What Is The Most Important Thing To Teach Toddlers About Mathematics and How Can This Best Be Achieved?

Arthur Baroody, Professor of Curriculum & Instruction, University of Illinois at Urbana-Champaign

Parents, teachers, or others interested in early childhood mathematics education often ask: “On what should initial instruction focus?” My answer is verbal subitizing: recognizing small numbers (1 to 3 or 4 items) and labeling them with an appropriate number word. It often takes 2-year-olds many months to label collections of “one” and ‘two” accurately and reliably. Imagine my joy when my wife informed me that our younger daughter Arianne, 2 at the time, had learned “two.” I immediately went to the playroom, held up two fingers, and asked, “How many fingers Arianne?” “Two Daddy,” was her immediate reply. My heart swelled, but a scientist must be skeptical. So, I held up three fingers and asked the same question. Arianne again replied, “Two, Daddy.” The same reply was offered for 5 fingers or 10 fingers. Later that night, she bounced down the stairs to the playroom chanting “two” with each bounce. Ugh, apparently, “two” was merely her favorite sound for the day.

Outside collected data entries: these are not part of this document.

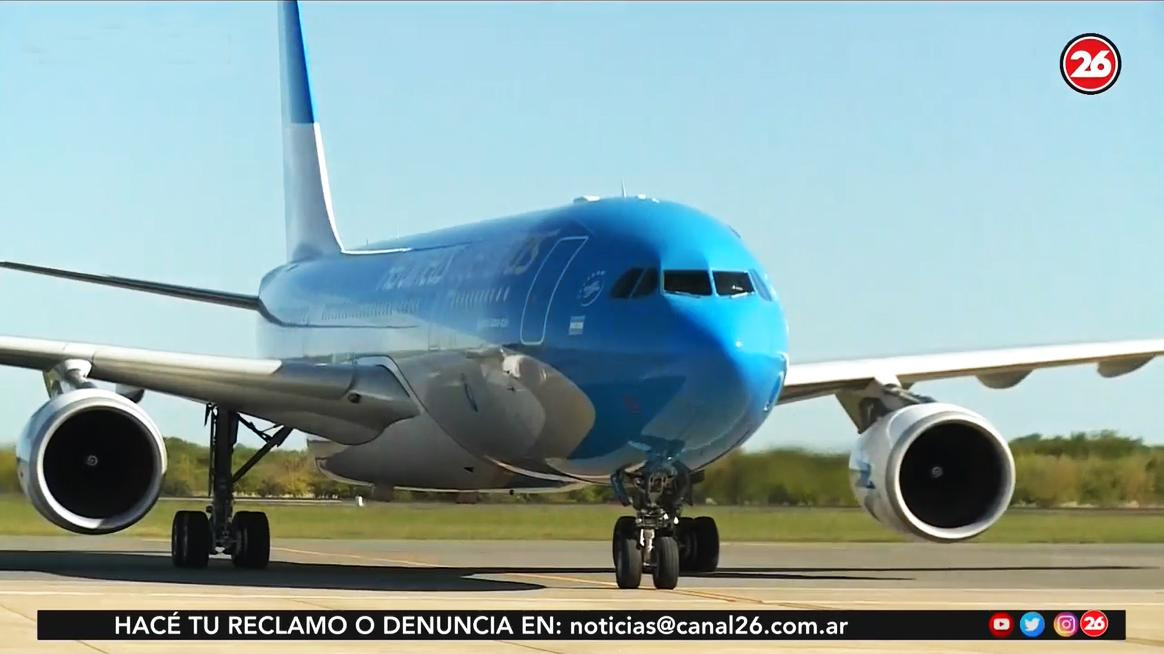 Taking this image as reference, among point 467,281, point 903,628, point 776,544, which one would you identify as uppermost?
point 467,281

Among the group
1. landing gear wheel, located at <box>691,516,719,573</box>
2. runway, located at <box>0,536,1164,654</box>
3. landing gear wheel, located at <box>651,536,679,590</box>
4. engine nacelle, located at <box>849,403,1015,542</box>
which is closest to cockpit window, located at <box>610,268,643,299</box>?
→ landing gear wheel, located at <box>651,536,679,590</box>

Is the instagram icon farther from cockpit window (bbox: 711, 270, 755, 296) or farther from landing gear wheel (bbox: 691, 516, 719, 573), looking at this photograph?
landing gear wheel (bbox: 691, 516, 719, 573)

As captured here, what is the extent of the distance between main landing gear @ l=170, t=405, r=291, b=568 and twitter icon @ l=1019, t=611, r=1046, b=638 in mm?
9903

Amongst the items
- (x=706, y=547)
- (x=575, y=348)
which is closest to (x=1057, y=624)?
(x=575, y=348)

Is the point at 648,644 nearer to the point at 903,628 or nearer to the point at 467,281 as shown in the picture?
the point at 903,628

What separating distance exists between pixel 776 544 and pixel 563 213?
9.62 metres

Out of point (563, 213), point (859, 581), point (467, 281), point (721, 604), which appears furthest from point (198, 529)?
point (721, 604)

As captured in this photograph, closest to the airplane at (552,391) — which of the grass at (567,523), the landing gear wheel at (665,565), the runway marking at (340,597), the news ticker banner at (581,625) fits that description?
the landing gear wheel at (665,565)

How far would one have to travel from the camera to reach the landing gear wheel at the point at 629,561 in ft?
53.7

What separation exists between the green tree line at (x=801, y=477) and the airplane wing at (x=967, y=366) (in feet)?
12.4

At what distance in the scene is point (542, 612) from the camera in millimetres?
13297

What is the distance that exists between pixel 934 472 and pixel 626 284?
3.37m

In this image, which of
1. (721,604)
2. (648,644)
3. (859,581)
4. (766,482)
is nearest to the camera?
(648,644)

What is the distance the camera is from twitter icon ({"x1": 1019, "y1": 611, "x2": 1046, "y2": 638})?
12.9 meters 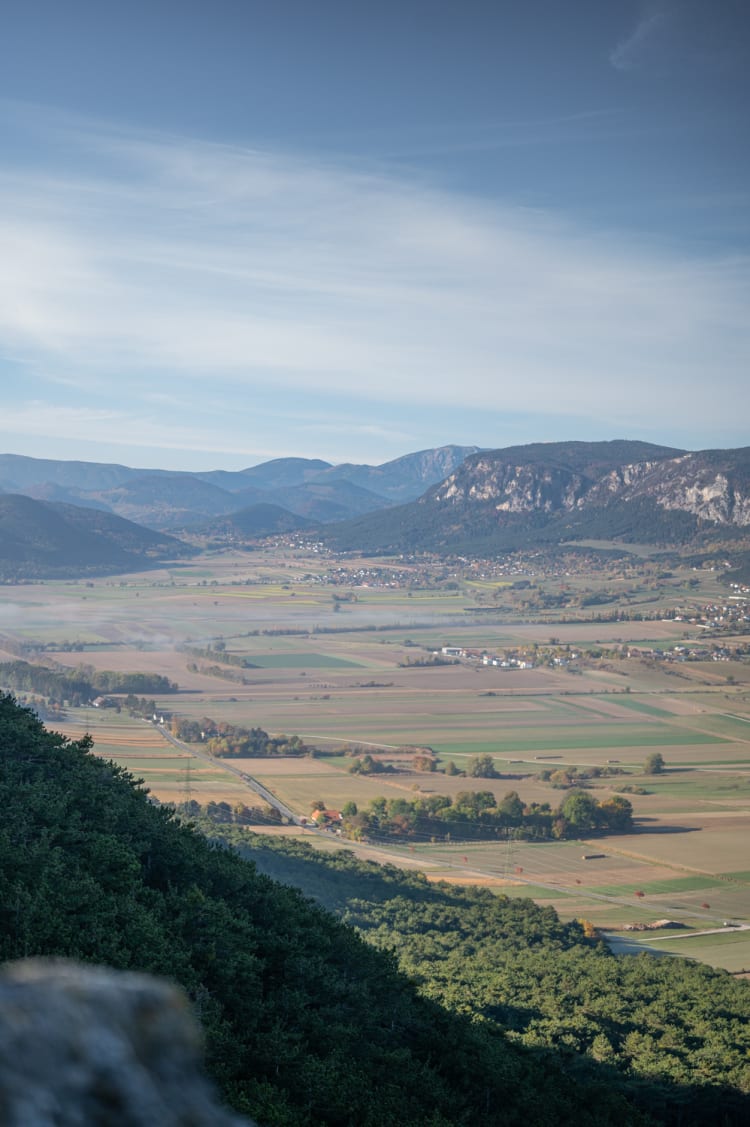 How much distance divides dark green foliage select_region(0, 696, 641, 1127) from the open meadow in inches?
800

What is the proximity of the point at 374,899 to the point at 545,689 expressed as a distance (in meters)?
60.3

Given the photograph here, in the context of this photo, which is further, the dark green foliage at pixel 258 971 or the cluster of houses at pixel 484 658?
the cluster of houses at pixel 484 658

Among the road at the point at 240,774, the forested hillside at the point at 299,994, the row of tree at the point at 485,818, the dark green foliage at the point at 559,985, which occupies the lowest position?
the road at the point at 240,774

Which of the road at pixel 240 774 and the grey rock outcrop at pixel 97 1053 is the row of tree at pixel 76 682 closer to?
the road at pixel 240 774

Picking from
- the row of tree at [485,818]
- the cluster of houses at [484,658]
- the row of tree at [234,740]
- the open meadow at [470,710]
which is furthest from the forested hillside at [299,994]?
the cluster of houses at [484,658]

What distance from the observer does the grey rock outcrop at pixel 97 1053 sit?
1.95 metres

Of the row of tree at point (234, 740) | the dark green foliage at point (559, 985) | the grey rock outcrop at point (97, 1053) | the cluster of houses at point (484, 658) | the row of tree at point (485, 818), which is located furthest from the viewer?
the cluster of houses at point (484, 658)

Children typically master verbal subitizing of one and two between the age of 2.5- and 3-years. Often “three” is then used to indicate “many” or “a lot.” Mastery of three and then four often comes after a child has turned 3.  

Verbal subitizing is a key foundation for building number sense—providing a basis for meaningfully learning a variety of number, counting, and arithmetic concepts and skills (see Baroody & Purpura, 2017, for a detailed learning progression). Consider one important example. Children often learn to count collections in a one-to-one fashion without understanding the reason for doing so. That is, they do not understand the cardinality principle—that the last counting word used in counting process has special meaning: it represents the total number counted. Modeling the cardinality principle with collections a child can verbally subitize can significantly increase the likelihood of discovering the principle (Paliwal & Baroody, 2020). For example, if a child can “see” three, counting such a collection and emphasizing the last count word (“One, two, t-h-r-e-e”) or repeating the last number word used (e.g., “See three” or, perhaps even better, “See three cookies”) may enable children to understand the purpose of counting and discover the cardinality principle: Counting is another way of determining a collection’s total, which is indicated by the last number word.

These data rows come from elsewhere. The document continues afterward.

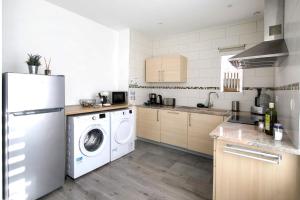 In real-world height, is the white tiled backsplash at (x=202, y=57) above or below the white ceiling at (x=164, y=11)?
below

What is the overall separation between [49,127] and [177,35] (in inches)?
122

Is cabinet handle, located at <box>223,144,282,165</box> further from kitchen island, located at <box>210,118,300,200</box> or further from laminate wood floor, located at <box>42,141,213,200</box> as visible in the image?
laminate wood floor, located at <box>42,141,213,200</box>

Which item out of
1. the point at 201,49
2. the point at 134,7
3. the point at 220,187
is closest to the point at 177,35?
the point at 201,49

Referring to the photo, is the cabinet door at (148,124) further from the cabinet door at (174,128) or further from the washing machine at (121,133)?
the washing machine at (121,133)

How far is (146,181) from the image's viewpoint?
80.7 inches

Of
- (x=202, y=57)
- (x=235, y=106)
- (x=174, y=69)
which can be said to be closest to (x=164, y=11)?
(x=174, y=69)

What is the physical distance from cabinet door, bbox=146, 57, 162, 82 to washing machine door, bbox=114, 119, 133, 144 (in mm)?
1262

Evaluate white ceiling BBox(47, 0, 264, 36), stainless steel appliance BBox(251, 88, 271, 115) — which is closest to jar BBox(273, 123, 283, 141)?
stainless steel appliance BBox(251, 88, 271, 115)

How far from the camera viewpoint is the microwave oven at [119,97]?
300 centimetres

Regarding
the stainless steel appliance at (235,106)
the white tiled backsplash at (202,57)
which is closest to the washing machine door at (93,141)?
the white tiled backsplash at (202,57)

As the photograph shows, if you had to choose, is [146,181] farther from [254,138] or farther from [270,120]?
[270,120]

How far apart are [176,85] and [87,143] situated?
2.27 metres

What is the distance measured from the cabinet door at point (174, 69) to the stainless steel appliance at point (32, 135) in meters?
2.19

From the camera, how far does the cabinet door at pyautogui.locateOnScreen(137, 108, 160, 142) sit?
3.29 metres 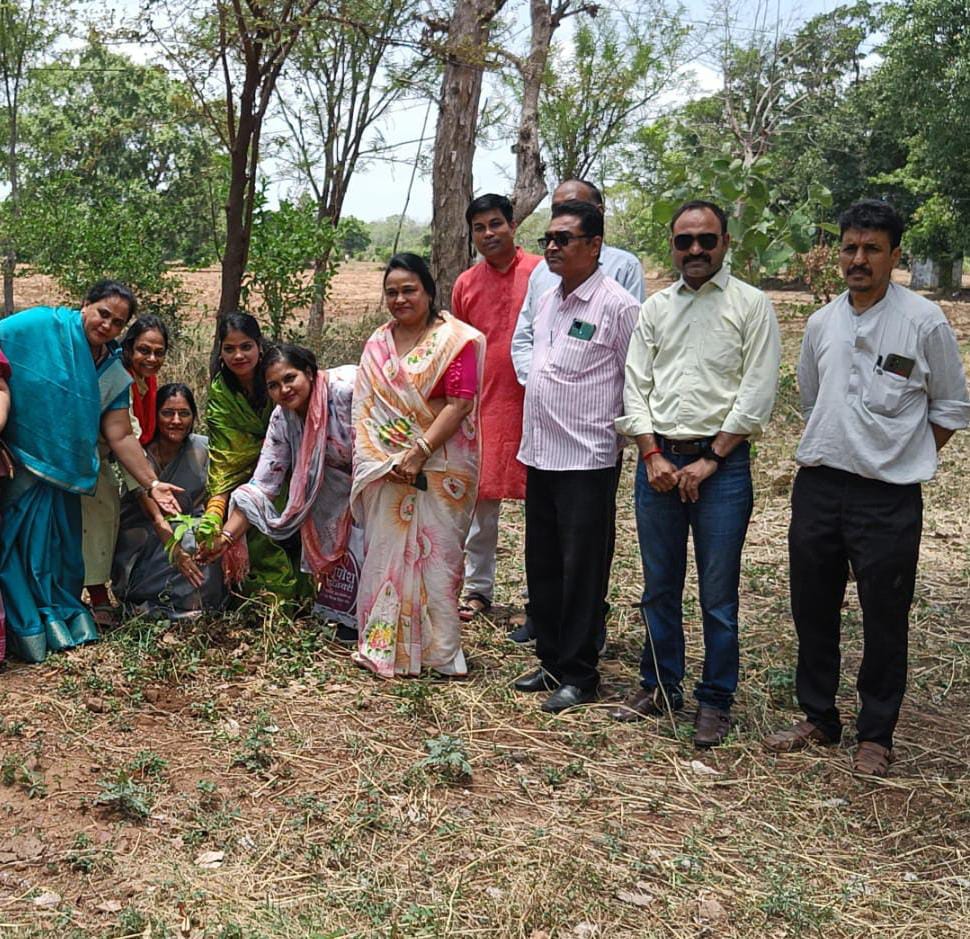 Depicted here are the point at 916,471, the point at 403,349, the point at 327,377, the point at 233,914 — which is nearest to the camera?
the point at 233,914

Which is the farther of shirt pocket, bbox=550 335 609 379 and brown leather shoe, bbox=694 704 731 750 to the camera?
shirt pocket, bbox=550 335 609 379

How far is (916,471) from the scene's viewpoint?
3643mm

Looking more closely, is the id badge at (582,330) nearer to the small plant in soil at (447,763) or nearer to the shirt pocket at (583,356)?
the shirt pocket at (583,356)

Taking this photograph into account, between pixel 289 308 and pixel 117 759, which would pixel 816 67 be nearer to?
pixel 289 308

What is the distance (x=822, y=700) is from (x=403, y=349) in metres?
2.08

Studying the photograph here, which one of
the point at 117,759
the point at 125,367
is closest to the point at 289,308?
the point at 125,367

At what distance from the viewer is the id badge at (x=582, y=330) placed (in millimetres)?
4164

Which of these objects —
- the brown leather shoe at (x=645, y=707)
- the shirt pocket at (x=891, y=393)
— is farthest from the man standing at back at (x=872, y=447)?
the brown leather shoe at (x=645, y=707)

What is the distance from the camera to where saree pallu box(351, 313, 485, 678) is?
14.6 ft

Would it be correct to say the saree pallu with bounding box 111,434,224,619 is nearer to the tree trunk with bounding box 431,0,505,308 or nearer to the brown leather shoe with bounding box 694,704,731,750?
the brown leather shoe with bounding box 694,704,731,750

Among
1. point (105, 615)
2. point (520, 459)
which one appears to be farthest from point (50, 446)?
point (520, 459)

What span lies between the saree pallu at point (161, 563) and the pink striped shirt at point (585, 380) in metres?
1.62

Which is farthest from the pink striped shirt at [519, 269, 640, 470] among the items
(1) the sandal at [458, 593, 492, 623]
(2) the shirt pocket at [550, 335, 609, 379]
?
(1) the sandal at [458, 593, 492, 623]

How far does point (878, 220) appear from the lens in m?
3.63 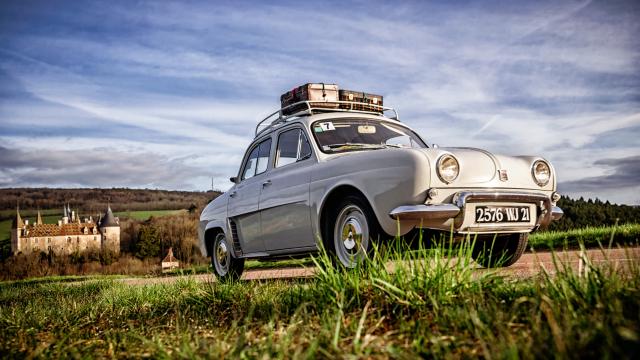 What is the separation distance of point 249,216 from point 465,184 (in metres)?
3.20

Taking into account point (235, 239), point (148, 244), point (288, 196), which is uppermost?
point (288, 196)

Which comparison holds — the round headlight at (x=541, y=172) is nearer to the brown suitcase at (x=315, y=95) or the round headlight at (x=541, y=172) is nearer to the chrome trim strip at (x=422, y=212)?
the chrome trim strip at (x=422, y=212)

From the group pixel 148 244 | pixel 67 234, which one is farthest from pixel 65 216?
pixel 148 244

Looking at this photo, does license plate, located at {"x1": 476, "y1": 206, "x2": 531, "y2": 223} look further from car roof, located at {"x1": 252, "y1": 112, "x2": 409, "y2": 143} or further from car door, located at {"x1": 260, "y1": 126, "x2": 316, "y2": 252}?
car roof, located at {"x1": 252, "y1": 112, "x2": 409, "y2": 143}

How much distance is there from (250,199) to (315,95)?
1.56m

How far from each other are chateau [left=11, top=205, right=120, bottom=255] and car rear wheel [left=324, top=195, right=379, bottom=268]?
10073 cm

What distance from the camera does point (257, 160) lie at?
291 inches

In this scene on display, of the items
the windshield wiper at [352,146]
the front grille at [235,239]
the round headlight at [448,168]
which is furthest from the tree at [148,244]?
the round headlight at [448,168]

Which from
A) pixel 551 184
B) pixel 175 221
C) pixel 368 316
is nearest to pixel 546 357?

Recently, I served on the advisory board for an NSF-funded project to investigate early mathematics learning. In response to the question of how to help 2- to 3-year-olds construct an understanding of small numbers, I was amazed that each of four other advisors offered a different opinion. Some researchers contend that such instruction should build on children’s innate number and counting knowledge or a pre-numerical core process by promoting verbal and object counting. Others suggests visual-spatial training is needed to enable children to systematically keep track of collection elements. Yet others believe linguistic cues, such as the plural rule for nouns, help children discern the exact meaning of small number words. An intervention study found that various approaches, save perhaps the visual-spatial training, were successful. Interestingly, the one thing all the successful conditions provided was a variety of examples and non-examples of a number (D. Hyde, personal communications, September 25, 2014; October 6, 2016). Clearly, further research is needed to answer the question about how to promote verbal subitizing of small numbers. 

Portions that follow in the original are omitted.